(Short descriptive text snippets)

☆ ☆ ☆ ☆ ☆

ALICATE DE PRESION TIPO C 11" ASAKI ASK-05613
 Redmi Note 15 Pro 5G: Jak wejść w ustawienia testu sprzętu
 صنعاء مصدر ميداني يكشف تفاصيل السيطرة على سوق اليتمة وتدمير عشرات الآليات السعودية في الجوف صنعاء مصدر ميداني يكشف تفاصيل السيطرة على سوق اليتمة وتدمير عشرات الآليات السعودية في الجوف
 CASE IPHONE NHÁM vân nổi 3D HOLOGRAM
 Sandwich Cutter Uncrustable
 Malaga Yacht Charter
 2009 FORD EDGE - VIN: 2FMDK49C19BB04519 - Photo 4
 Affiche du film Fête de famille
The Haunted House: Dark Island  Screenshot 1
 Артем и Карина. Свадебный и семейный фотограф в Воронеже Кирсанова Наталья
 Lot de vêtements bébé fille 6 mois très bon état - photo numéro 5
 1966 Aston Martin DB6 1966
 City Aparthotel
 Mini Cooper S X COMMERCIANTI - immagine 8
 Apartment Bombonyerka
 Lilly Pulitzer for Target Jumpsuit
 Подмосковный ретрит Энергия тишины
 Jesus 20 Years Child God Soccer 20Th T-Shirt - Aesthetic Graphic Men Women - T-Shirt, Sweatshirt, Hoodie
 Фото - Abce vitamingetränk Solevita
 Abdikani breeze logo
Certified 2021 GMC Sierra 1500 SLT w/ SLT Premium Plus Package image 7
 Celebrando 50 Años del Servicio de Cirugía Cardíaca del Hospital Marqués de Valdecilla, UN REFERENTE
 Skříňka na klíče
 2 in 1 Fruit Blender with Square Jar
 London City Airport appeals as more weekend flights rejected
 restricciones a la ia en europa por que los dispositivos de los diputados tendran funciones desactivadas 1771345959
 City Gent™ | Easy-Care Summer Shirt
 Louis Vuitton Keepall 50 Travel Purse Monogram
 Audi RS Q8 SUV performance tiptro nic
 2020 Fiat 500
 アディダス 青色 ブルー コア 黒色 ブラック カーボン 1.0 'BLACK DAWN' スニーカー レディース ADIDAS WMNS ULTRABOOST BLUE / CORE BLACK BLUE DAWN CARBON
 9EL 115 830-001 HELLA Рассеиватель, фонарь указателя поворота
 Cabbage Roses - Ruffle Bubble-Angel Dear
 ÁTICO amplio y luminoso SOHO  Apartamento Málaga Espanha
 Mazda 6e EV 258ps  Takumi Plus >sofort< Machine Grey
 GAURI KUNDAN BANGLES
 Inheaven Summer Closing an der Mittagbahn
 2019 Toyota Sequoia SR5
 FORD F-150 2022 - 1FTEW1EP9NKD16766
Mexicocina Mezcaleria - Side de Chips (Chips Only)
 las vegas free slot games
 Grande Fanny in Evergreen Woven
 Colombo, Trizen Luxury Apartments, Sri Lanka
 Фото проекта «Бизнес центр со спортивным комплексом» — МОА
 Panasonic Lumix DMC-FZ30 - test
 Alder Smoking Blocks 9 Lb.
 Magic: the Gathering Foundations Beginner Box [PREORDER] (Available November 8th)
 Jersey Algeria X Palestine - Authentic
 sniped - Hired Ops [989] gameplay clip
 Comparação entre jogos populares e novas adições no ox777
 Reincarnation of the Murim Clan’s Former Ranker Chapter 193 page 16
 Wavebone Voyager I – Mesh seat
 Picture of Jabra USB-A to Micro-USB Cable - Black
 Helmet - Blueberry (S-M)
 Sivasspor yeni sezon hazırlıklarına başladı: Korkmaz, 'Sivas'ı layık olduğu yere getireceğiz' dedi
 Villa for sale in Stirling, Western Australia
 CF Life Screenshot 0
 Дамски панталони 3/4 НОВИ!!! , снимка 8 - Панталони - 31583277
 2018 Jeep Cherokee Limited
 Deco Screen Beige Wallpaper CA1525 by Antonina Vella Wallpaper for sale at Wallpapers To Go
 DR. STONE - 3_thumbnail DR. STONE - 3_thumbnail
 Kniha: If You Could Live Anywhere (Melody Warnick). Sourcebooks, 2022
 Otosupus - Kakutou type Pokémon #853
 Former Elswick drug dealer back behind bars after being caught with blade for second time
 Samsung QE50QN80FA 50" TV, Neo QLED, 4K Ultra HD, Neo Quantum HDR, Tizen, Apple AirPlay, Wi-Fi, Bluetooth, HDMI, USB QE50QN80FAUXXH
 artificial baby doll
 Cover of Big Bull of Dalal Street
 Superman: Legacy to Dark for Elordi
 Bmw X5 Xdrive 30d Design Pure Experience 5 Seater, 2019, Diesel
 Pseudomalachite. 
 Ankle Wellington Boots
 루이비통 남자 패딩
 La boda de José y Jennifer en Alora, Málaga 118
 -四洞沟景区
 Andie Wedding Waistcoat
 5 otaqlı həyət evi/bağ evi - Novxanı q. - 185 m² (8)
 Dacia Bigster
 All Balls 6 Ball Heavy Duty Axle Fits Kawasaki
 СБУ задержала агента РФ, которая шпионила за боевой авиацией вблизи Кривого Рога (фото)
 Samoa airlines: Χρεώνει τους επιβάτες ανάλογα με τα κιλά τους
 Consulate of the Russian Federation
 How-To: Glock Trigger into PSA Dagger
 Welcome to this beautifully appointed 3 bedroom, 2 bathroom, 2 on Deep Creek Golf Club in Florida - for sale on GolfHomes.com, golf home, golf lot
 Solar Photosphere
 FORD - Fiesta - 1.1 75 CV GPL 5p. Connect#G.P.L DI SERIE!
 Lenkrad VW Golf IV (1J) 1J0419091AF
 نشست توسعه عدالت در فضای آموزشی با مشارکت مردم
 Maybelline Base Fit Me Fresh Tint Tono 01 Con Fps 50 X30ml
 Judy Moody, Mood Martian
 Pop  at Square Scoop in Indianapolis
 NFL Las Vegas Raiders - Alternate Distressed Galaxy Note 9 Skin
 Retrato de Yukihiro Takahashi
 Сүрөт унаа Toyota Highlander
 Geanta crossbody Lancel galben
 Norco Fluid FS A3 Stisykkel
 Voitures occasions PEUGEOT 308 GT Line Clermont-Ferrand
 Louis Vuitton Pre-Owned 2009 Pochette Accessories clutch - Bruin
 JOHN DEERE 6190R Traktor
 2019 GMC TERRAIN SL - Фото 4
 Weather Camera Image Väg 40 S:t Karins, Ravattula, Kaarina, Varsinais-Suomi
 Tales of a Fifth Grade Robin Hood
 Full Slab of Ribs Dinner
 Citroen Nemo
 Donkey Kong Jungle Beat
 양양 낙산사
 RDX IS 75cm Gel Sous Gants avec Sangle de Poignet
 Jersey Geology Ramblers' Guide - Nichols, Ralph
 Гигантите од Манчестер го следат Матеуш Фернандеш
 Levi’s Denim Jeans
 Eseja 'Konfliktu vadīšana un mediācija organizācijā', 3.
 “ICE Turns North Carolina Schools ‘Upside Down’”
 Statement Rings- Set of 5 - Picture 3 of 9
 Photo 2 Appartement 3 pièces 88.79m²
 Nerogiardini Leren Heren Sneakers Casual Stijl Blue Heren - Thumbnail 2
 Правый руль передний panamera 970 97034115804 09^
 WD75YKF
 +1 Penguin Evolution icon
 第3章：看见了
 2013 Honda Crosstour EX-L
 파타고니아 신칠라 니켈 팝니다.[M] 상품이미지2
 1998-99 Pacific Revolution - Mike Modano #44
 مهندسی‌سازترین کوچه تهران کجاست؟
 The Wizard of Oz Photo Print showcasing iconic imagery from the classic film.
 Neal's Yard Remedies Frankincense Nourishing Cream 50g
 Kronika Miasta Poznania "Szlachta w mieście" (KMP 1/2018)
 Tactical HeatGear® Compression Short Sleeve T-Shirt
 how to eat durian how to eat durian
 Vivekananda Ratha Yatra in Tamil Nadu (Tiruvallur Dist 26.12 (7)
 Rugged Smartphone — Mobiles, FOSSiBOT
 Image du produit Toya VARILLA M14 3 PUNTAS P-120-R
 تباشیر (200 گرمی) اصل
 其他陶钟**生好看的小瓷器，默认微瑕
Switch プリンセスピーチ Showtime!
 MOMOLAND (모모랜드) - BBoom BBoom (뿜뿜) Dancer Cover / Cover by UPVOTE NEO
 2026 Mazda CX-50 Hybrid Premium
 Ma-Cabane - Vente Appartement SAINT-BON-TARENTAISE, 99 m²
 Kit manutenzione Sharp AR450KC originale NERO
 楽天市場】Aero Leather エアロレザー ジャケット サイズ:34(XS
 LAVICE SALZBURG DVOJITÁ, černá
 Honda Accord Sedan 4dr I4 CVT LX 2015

☆ ☆ ☆ ☆ ☆

## [What the exercise asks]
Among the lines of the data, which ones contain the word "Mazda"? Show them.

## [Exercise output]
 Mazda 6e EV 258ps  Takumi Plus >sofort< Machine Grey
 2026 Mazda CX-50 Hybrid Premium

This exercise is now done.